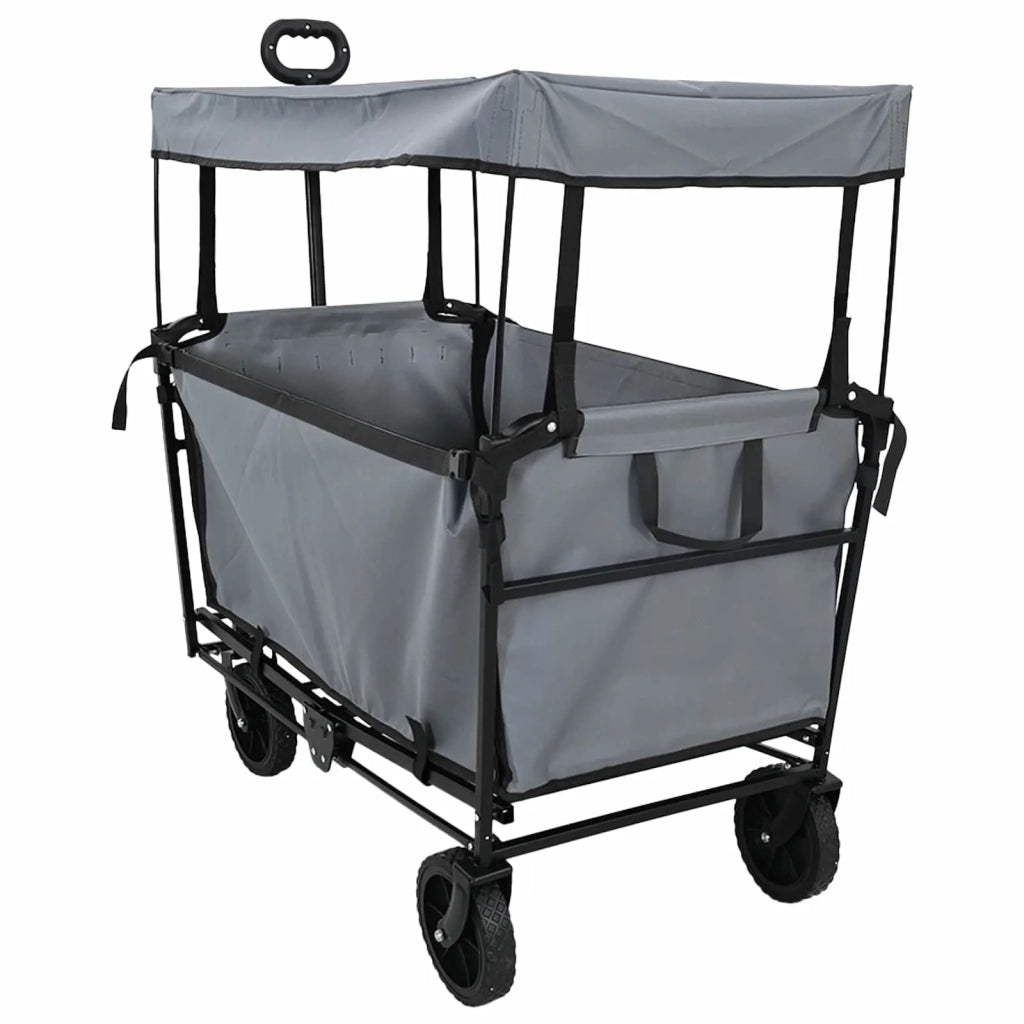Carrello a Mano Pieghevole Grigio 105 x 56.5 x 116 cm 42020664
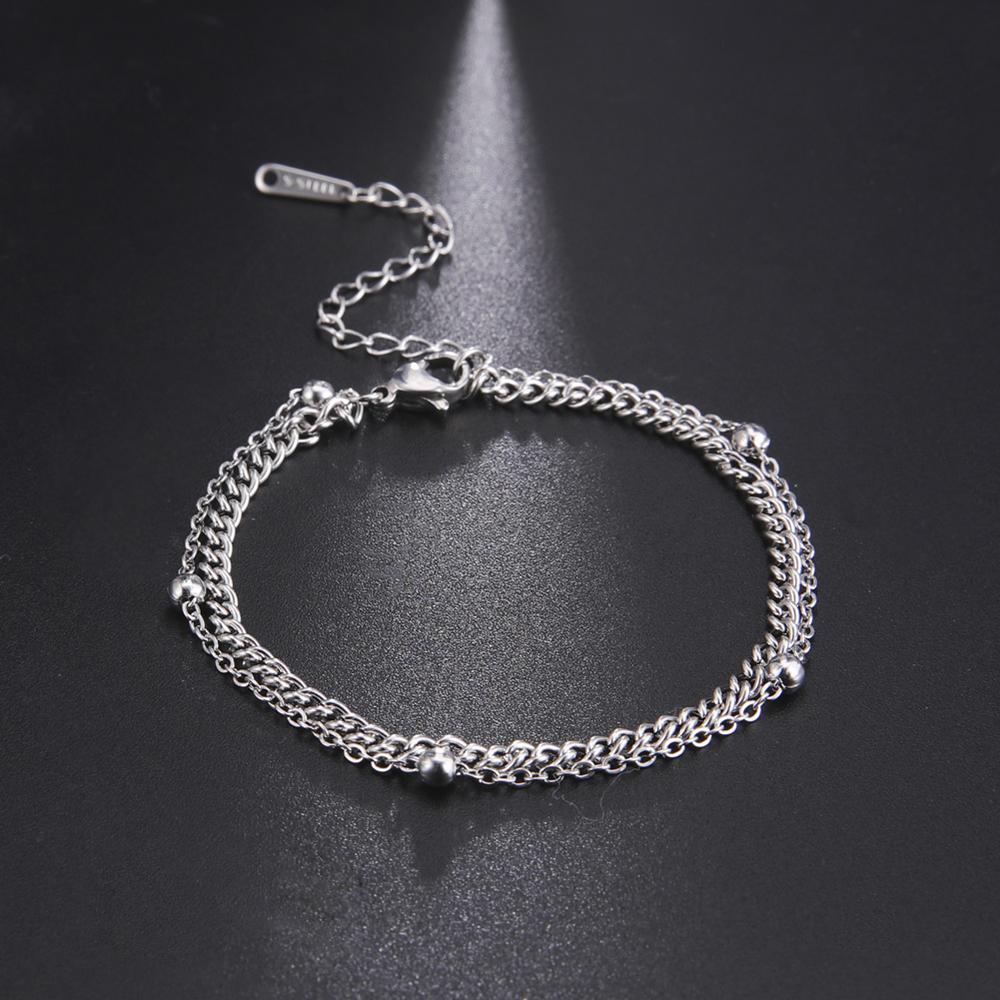 Stainless Steel Gold Chain Bracelet Heart Beaded Couple Bracelets Wrist Jewelry Gift for Women Men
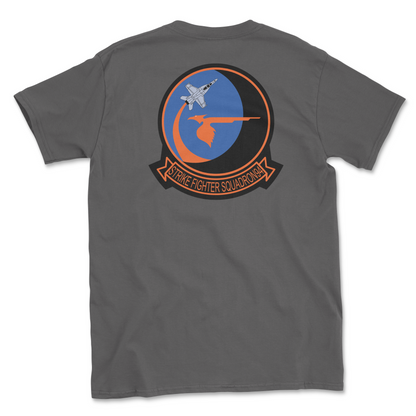 Charcoal t-shirt with squadron patch.
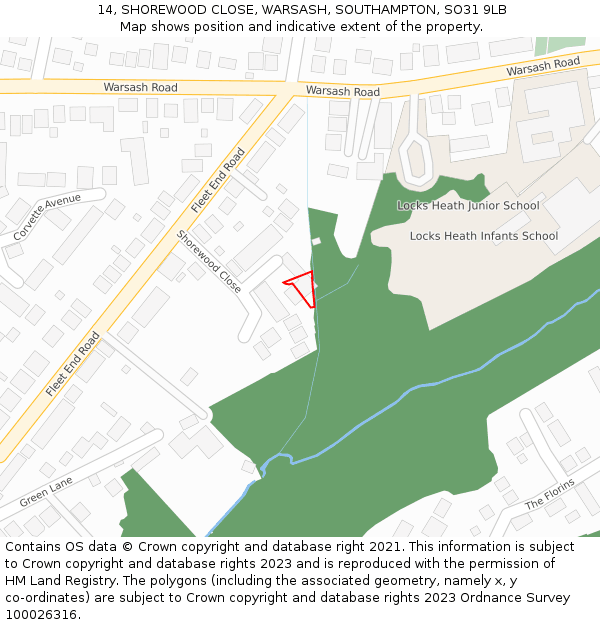 14, SHOREWOOD CLOSE, WARSASH, SOUTHAMPTON, SO31 9LB: Location map and indicative extent of plot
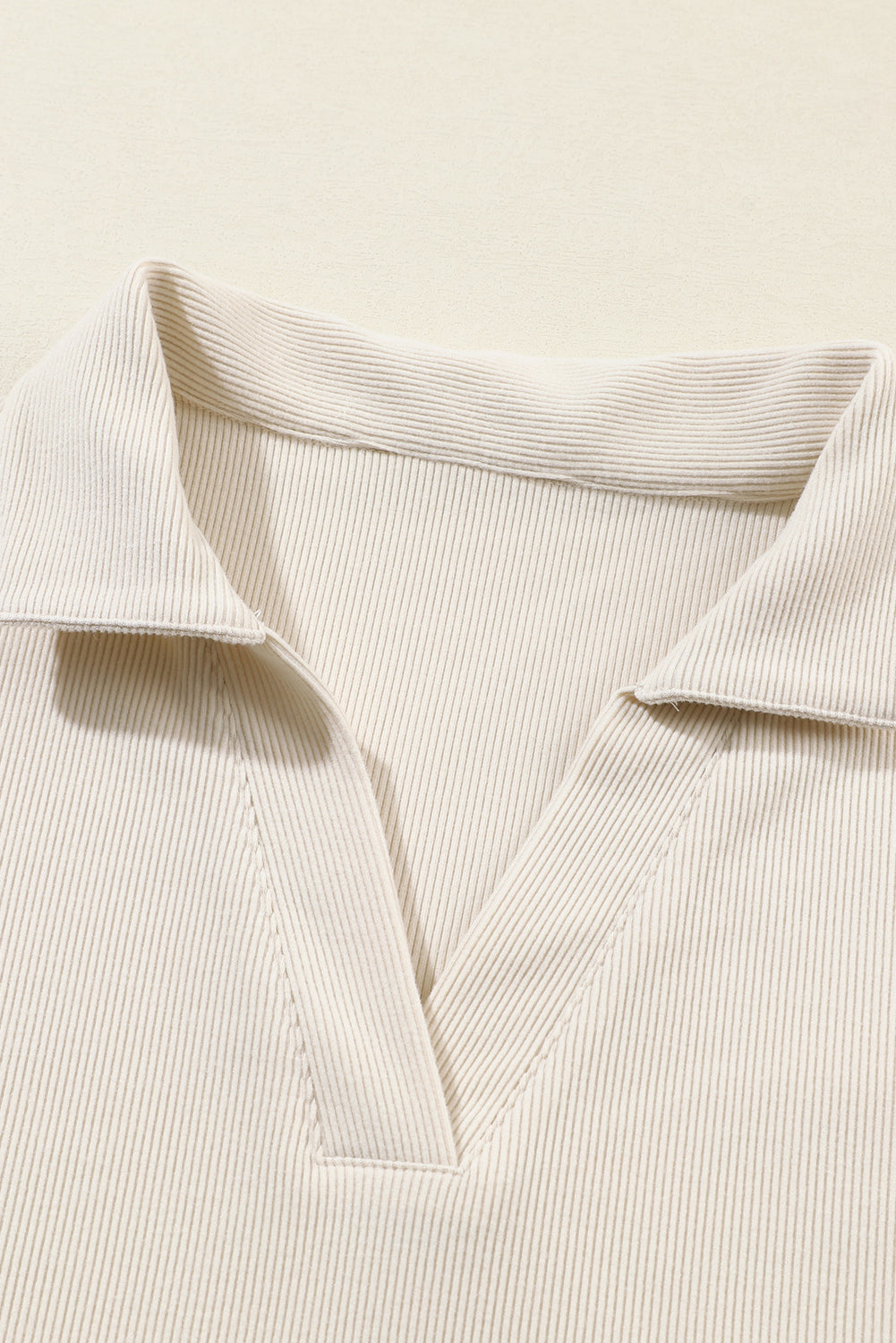 Solid Collared Pullover and Pants Set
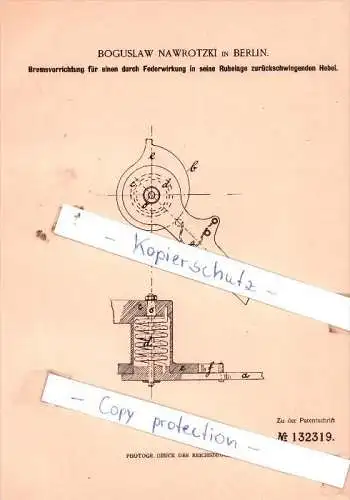 Original Patent  - Boguslaw Nawrotzki in Berlin , 1901 , Bremsvorrichtung !!!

━━━━━━━━━━

**What you are asked to do**
If the records include pictures, omit them and transcribe everything else exactly.

**The answer**
Carrello a Mano Pieghevole Grigio 105 x 56.5 x 116 cm 42020664
 Stainless Steel Gold Chain Bracelet Heart Beaded Couple Bracelets Wrist Jewelry Gift for Women Men
 Charcoal t-shirt with squadron patch.
 14, SHOREWOOD CLOSE, WARSASH, SOUTHAMPTON, SO31 9LB: Location map and indicative extent of plot
 Solid Collared Pullover and Pants Set
 Original Patent  - Boguslaw Nawrotzki in Berlin , 1901 , Bremsvorrichtung !!!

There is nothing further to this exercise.